▶ **Exercise description**
Write the entries out again in full and unchanged, dropping every image.

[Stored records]
###

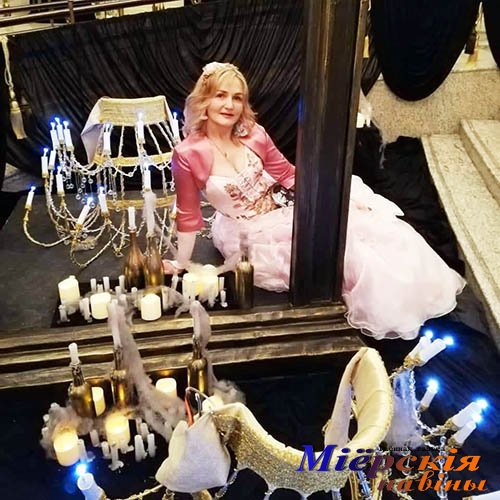 Хорошие истории — в книгах писательницы-сказочницы из Милашово Елены Масло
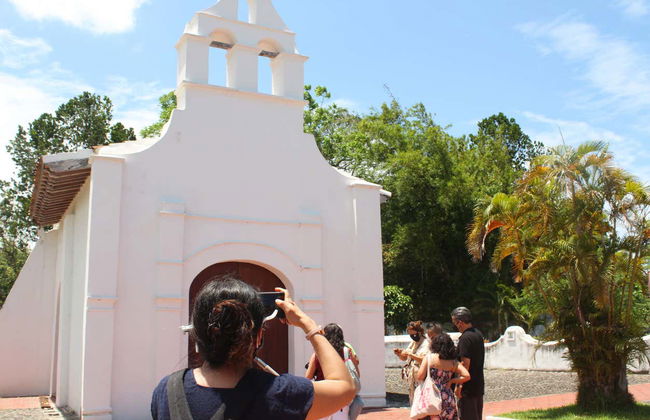 Quiahuiztlán, Cempoala e La Antigua - Foto 3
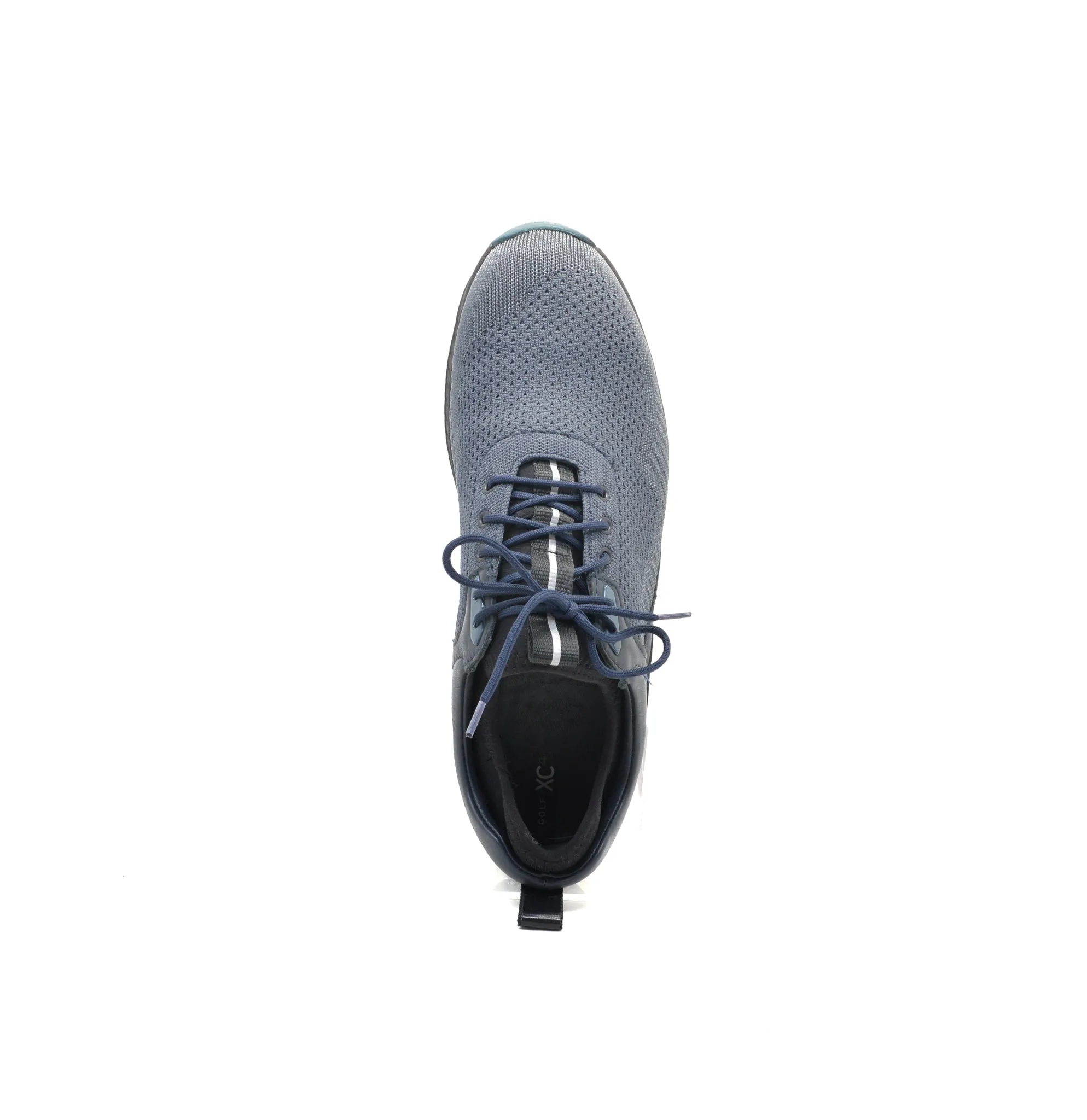JOHNSTON & MURPHY XC4® H2-SPORT HYBRIDE TRICOTÉ EN V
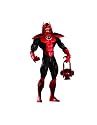 Blackest Night: Red Lantern Atrocitus Action Figure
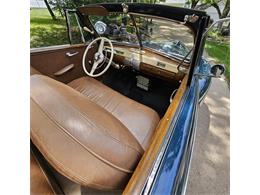 1941 Ford Super Deluxe (CC-2066663) for sale in Hingham, Massachusetts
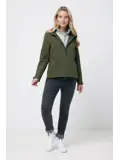 Makalu Softshell Jas - Groen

###

▶ **Written answer**
 Хорошие истории — в книгах писательницы-сказочницы из Милашово Елены Масло
 Quiahuiztlán, Cempoala e La Antigua - Foto 3
JOHNSTON & MURPHY XC4® H2-SPORT HYBRIDE TRICOTÉ EN V
 Blackest Night: Red Lantern Atrocitus Action Figure
 1941 Ford Super Deluxe (CC-2066663) for sale in Hingham, Massachusetts
 Makalu Softshell Jas - Groen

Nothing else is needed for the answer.